Senate Republicans have expressed support for new legislation to prevent companies deducting settlements imposed in civil law suits against their taxable income.
Senators John McCain (R - Ariz) and John Warner (R - Va), who serve on the Armed Services Committee, were highly critical of the fact that Boeing could have deducted $565 million of a $615 million civil and criminal settlement with the Justice Department from its taxes during a committee hearing on Tuesday.
However, it was the Justice Department, rather than Boeing, that was singled out for the harshest grilling by the Senators for its ducking of the tax deductibility issue.

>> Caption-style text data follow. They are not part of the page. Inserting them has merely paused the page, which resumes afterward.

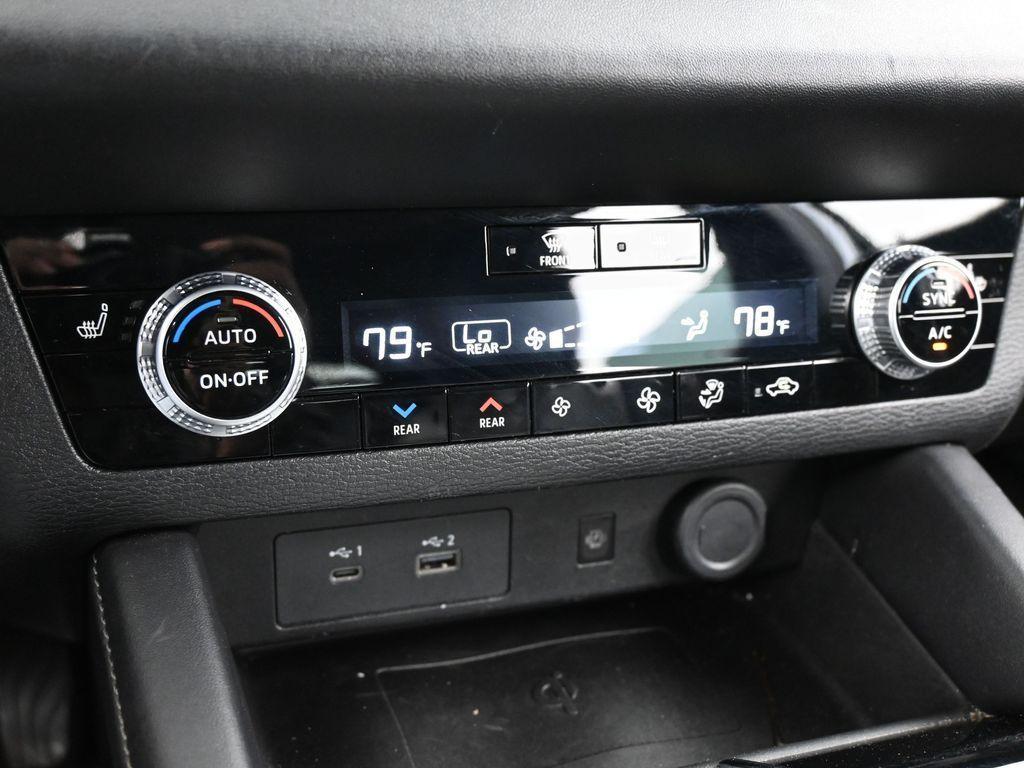 used 2022 Mitsubishi Outlander car, priced at $17,991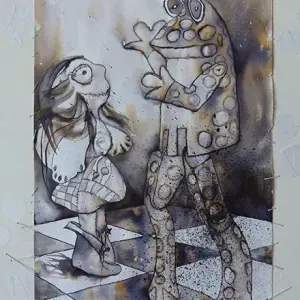 Anna Liebenberg — Care to Dance
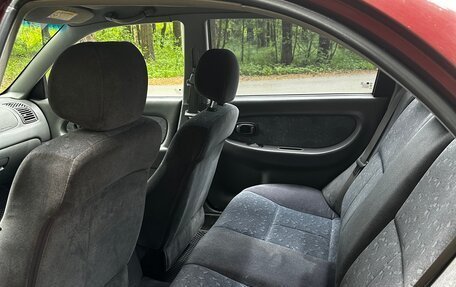 KIA Spectra II (LD), 2006 год, 250 000 рублей, 14 фотография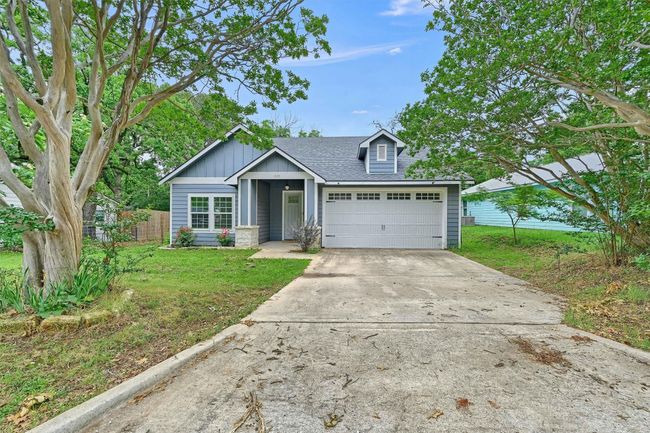 615 W Brock St, House other with 3 bedrooms, 2 bathrooms and null parking in Denison TX | Image 27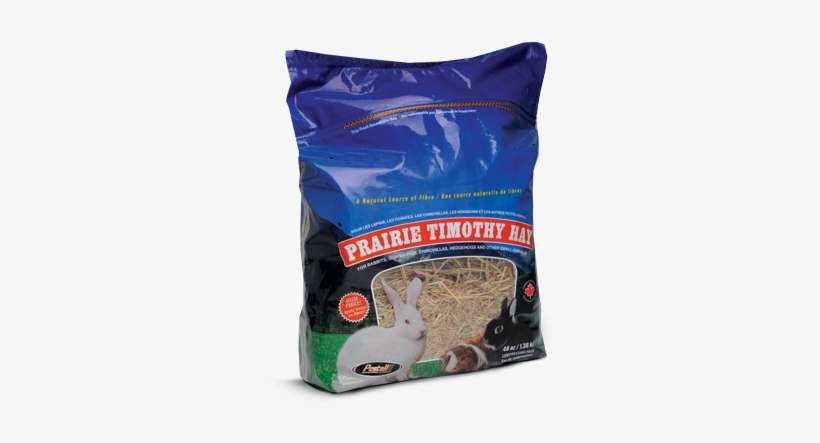 Prairie Timothy Hay - Domestic Rabbit, transparent png download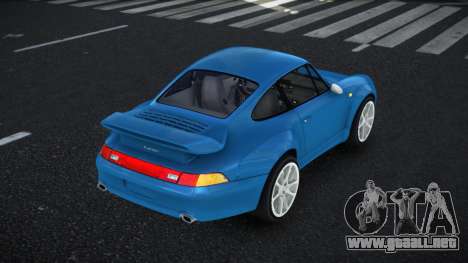 Porsche 911 Biwducagu para GTA 4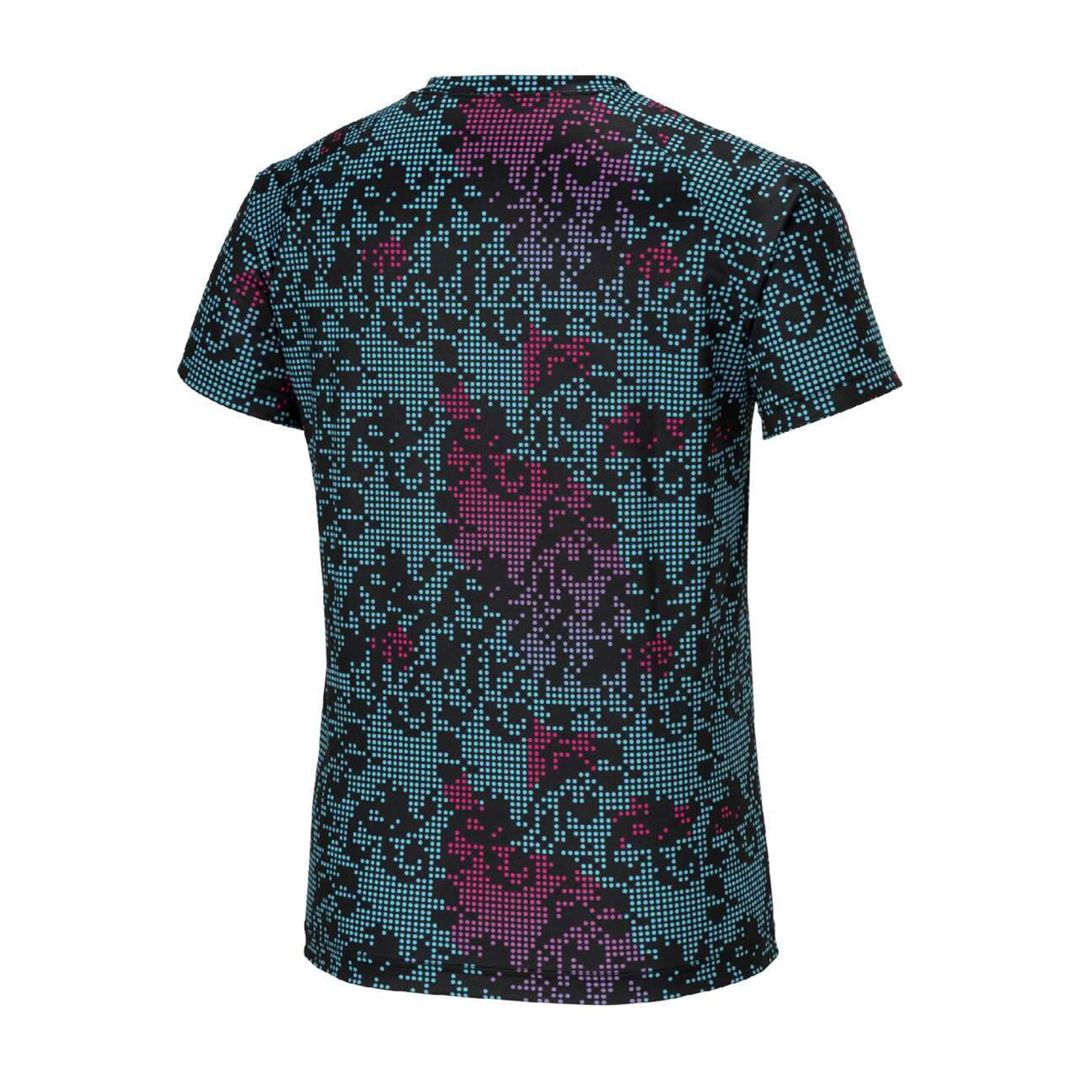 大会記念昇華Tシャツ ブラック XS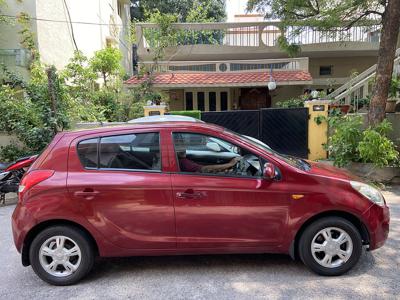 Used 2010 Hyundai i20 [2010-2012] Asta 1.2 with AVN for sale at Rs. 3,20,000 in Hyderab
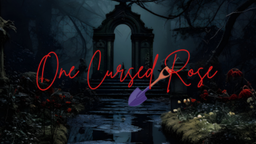 One Cursed Rose 30+ Discord Server Banner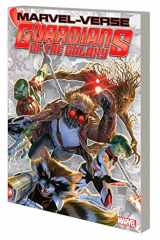 Marvel-Verse: Guardians of the Galaxy cover image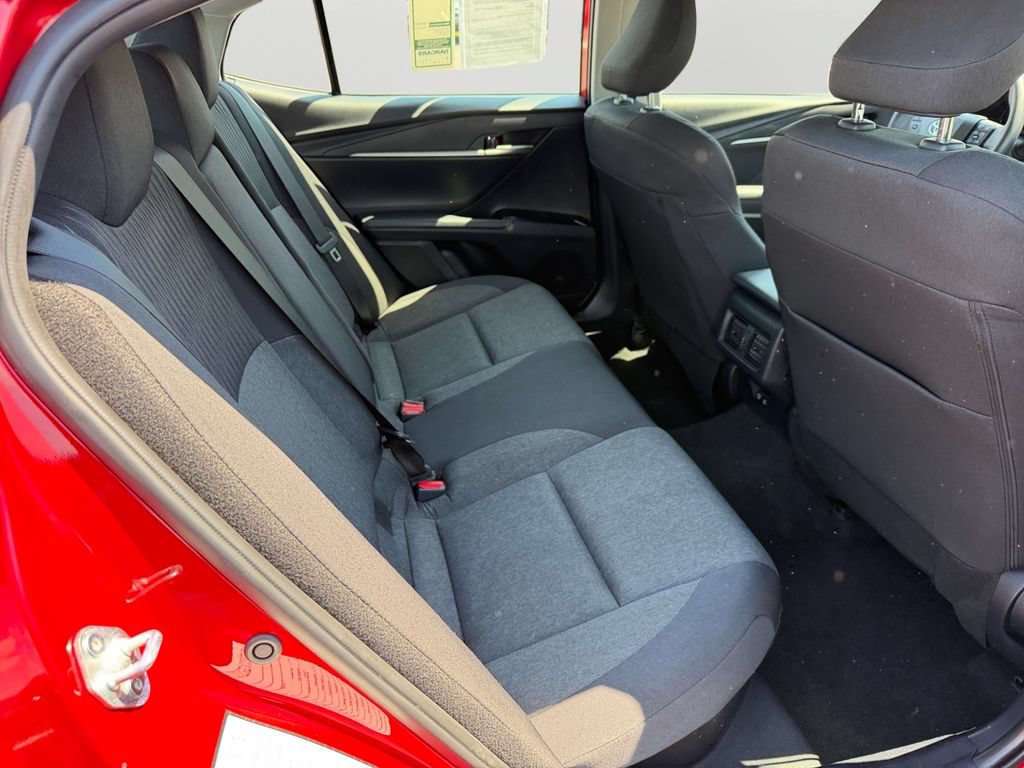 Used 2025 Toyota Camry LE FWD image 13
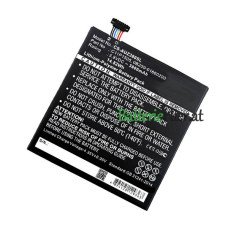 Ersatzakku für Asus 0B200-01660200 ZenPad Z380C Z380CX Z380KL C11P1505 8.0 P024 P022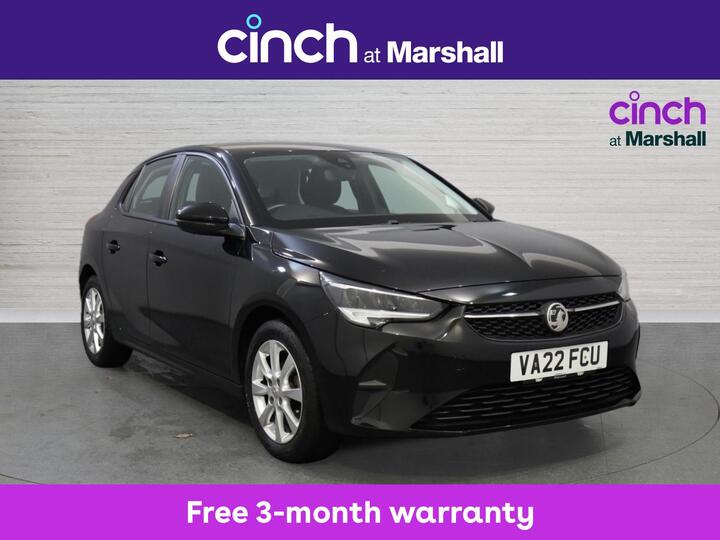 Vauxhall Corsa 1.2 Design Euro 6 5dr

"How in the world do you duck the obligation to determine" if the settlement payments "can be laid off to the taxpayer?" McCain asked Deputy Attorney General Paul McNulty.
"The taxpayers shouldn't be picking up the bill," he argued.
A number of Senators, including Sen. Jeff Sessions (R - Ala) have expressed support for a change in the law with regards the deductibility of civil settlements.
"Maybe it's time for us to confront that," Sessions stated.
Sen. Chuck Grassley, chairman of the Senate Finance Committee, which has jurisdiction over taxation, has pledged legislation clarifying what is and isn’t deductible in settlements. He also wants OMB Director Portman to help "end this problem and protect the taxpayers".
Meanwhile, Boeing, which was found to have improperly procured contracts for launch services worth billions of dollars from the US Air Force and NASA, seems to have come out of the debacle with the most credit. After deciding to ignore the advice of its lawyers and not deduct the civil penalty, Boeing chief executive, Jim McNerney, told the committee that the company was keen to be seen "doing the right thing."
"We didn't think the taxpayers should bear the brunt of our wrongdoing," he stated.
This earned the company praise from McCain, who has been one of Boeing's fiercest critics in the procurement affair.
"I would like to say how encouraged I am by Boeing’s decision not to write-off any part of the payments it was required to make under the Settlement Agreement," he stated.
"The fact of the matter is that Boeing did not have to make the decision it made on deductibility. But, it did. And, when coupled with the internal changes the Company has made, what Boeing did here conveys to me how serious the Company is to truly reforming and starting fresh," he added.